Optimising the observation of optical kilonovae with medium size telescopes

TL;DR

This paper develops an optimized observing strategy for medium-sized telescopes to effectively distinguish kilonova models and viewing angles, recommending specific filters and observation cadences based on simulated light curves.

Contribution

It introduces a method using synthetic light curves to determine optimal observation sequences for kilonova follow-up with 2-meter telescopes.

Findings

Avoid using the u filter and colour curves for better results.

2-hour observation sequences are effective when distance error is ≤ 2%.

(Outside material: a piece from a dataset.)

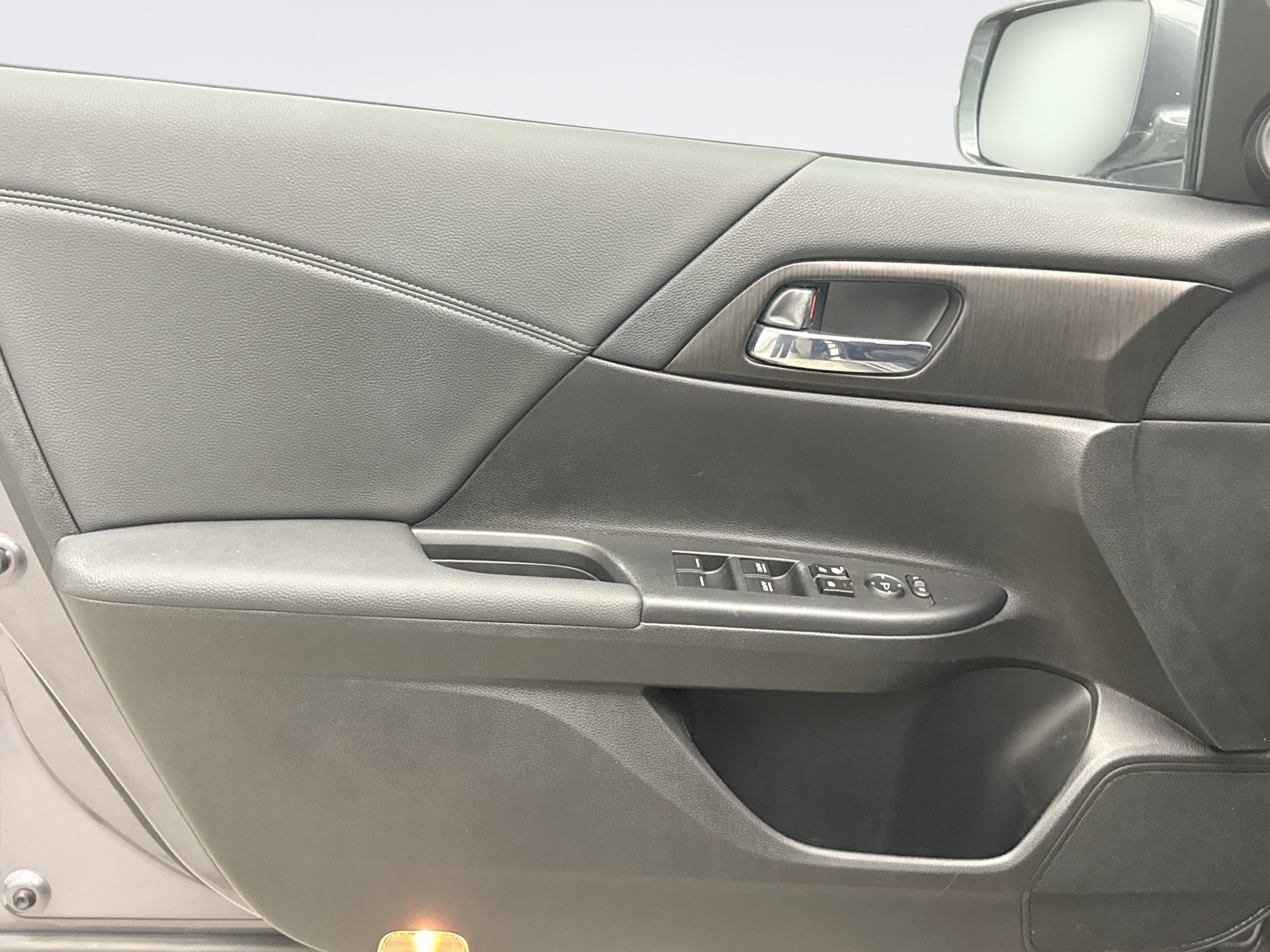 Used 2015 Honda Accord Hybrid Sedan image 9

0.5-hour sequences are preferable when the source distance is unknown.

Abstract

We consider the optimisation of the observing strategy (cadence, exposure time and filter choice) using medium size (2-m class) optical telescopes in the follow-up of kilonovae localised with arcminute accuracy to be able to distinguish among various kilonova models and viewing angles. To develop an efficient observation plan, we made use of the synthetic light curves obtained with the Monte Carlo radiative transfer code POSSIS for different kilonova models and as a function of different viewing angles and distances. By adding the appropriate photon counting noise to the synthetic light curves, we analysed four alternative sequences having the same total time exposure of 8 hours, with different time windows (0.5, 1, 2, 4 h), each with $i$, $r$, and $u$ filters, to determine the observing sequence that maximises the chance of a correct identification of the model parameters. We suggest to avoid $u$ filter and to avoid the use of colour curves. We also found that, if the error on distance is $\le$ 2%, 0.5, 1, 2-hour time window sequences are equivalent, so we suggest to use 2-hour one, because it has 1 day cadence, so it can be easily realised. When the distance of the source is unknown, 0.5 h time window sequence is preferable.